Firstly, let me start by saying how deeply sorry I am. I’m sorry for having turned my back on you for all my life. I’m sorry for never investing myself into fully learning our language. I’m sorry for disregarding age old traditions. I’m sorry for hating the roundness of my nose, the darkness of my eyes, and the lack of curves in my body. I’m sorry for all the moments where I felt shame around my racial and cultural heritage—all the moments where I wished I was born into another family, with golden hair and fair skin and a tall nose and blue eyes. I’m sorry for taking on another culture so wholeheartedly while feeling alienated from our own. I’m sorry for feeling less than for simply being Chinese, for allowing others to perpetuate this same belief onto me and for perpetuating this belief onto others. I’m sorry for all the times when I endured moments of other people’s ignorance or discrimination and I didn’t believe I had the power of 5000 years of history behind me to speak up and speak back. I’m sorry for succumbing to the beliefs of systemic oppression in my own home city and believing myself to be better than simply because I could speak English fluently, received a western education, and have a “western mind.” I’m sorry for severing myself from my roots, and essentially, severing myself from you.

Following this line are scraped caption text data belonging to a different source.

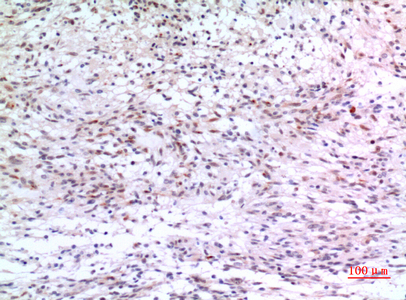 Rabbit Polyclonal Antibody to ZNF307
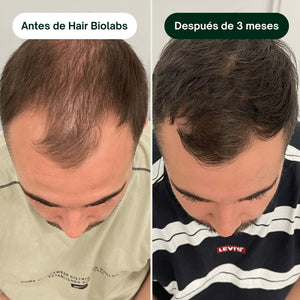 Serum Anticaída
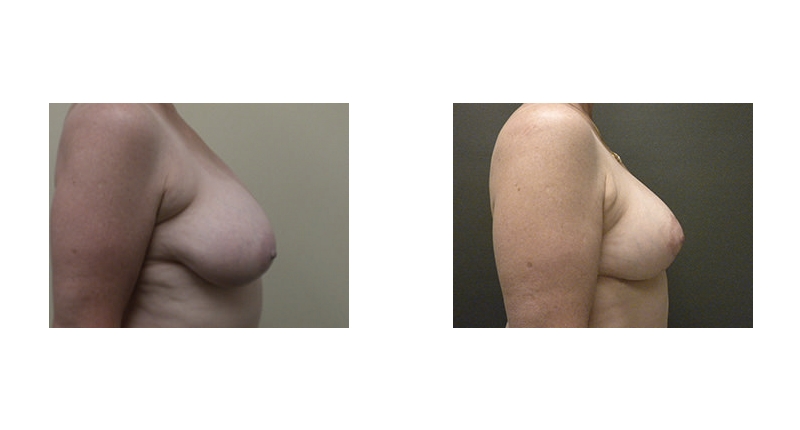 Breast Reduction width='800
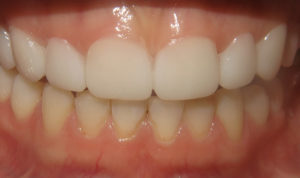Veneers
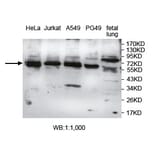 AGBL4 Antibody from Signalway Antibody (39747) - Antibodies.com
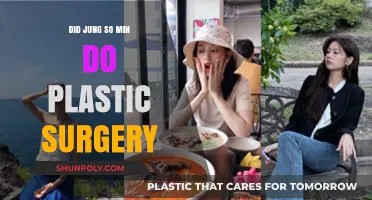 Jung So Min's Transformation: Plastic Surgery Rumors Explored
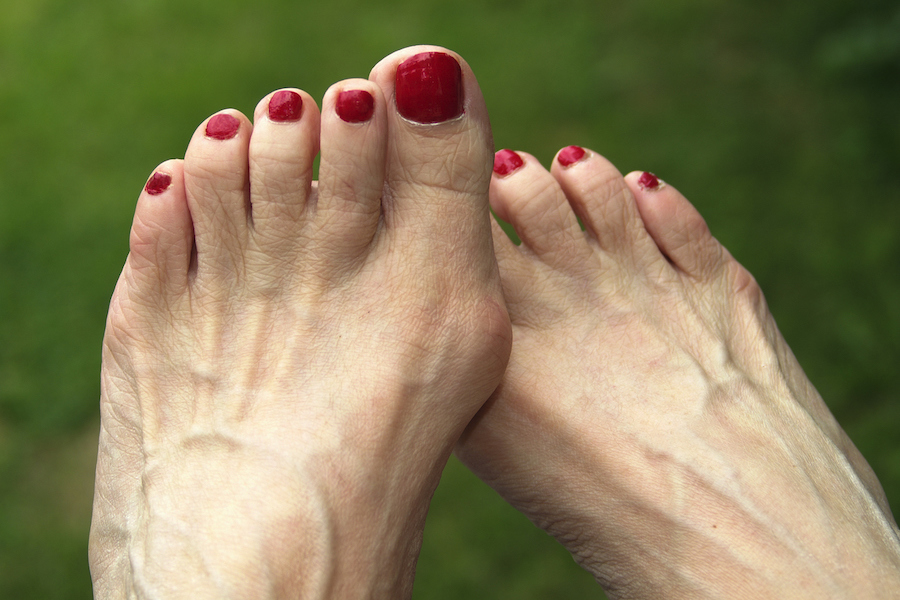 6 Ways Menopause Causes Foot Pain—Plus the Best Solutions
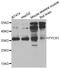 Pyrroline-5-Carboxylate Reductase 1 antibody, A6959, ABclonal Technology, Western Blot image 
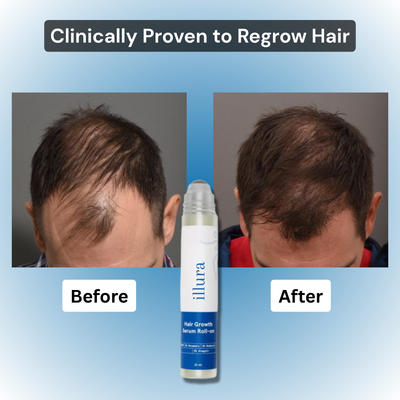 TriPhase Hair Regrowth Serum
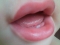 Kiss Kiss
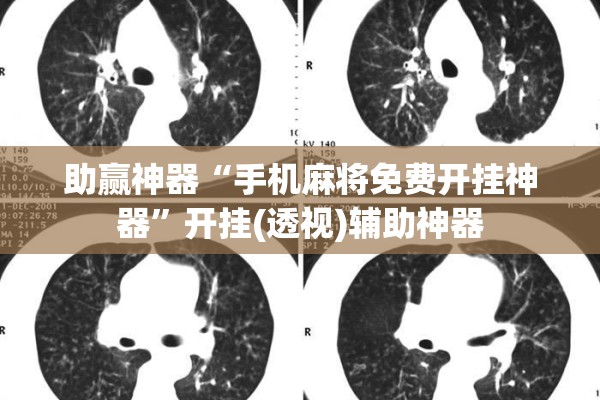 助赢神器“手机麻将免费开挂神器”开挂(透视)辅助神器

I know nothing about you. I don’t know your names, what you looked like, what your lives were like, what joys you experienced or what tragedies you suffered, but I wish to learn. I wish to know you and your stories, and to heal the chasm that’s cracked open between me and you. I also wish to share who I am, who I’m becoming, the world in which I live, and the world which I hope to create. I know we come from completely different worlds, and we may not always see eye to eye, and that’s ok. but from now on, I promise to honour you, to work with you, and to be proud of you. because I know I stand on the shoulders of hard work, and heartbreak, and pain, and I also know that I stand on the shoulders of joy, and hope, and courage. I know that there is an immense wisdom that lives in your hearts and souls, a wisdom that has been lost but that I am willing to receive. And I am so grateful to you, my beloved ancestors, for all the sacrifices and all the choices that you’ve made, that I know were driven by the deep desire to want to give a better life to your 下一代, to me. And I want to tell you that your sacrifices have not been in vain, because we live a beautiful, abundant life now here in 2021. I wish to share the new reality that I now live in and the new perspectives that I’ve cultivated that can heal the wounds shouldered by many of you—wounds that I hope you no longer see the need to bear. I wish to share that we no longer need to toil and suffer and work harder than anyone else in order to sow and reap seeds that bear fruit. I wish to let you know that honour shall be shone upon us when we allow ourselves to honour our truest authentic selves first, and bring our exquisite uniqueness and greatest gifts to light. I wish to share that we no longer need to carry the burdens of shame, lack, fear, control, or suffering. and that true liberation comes from within.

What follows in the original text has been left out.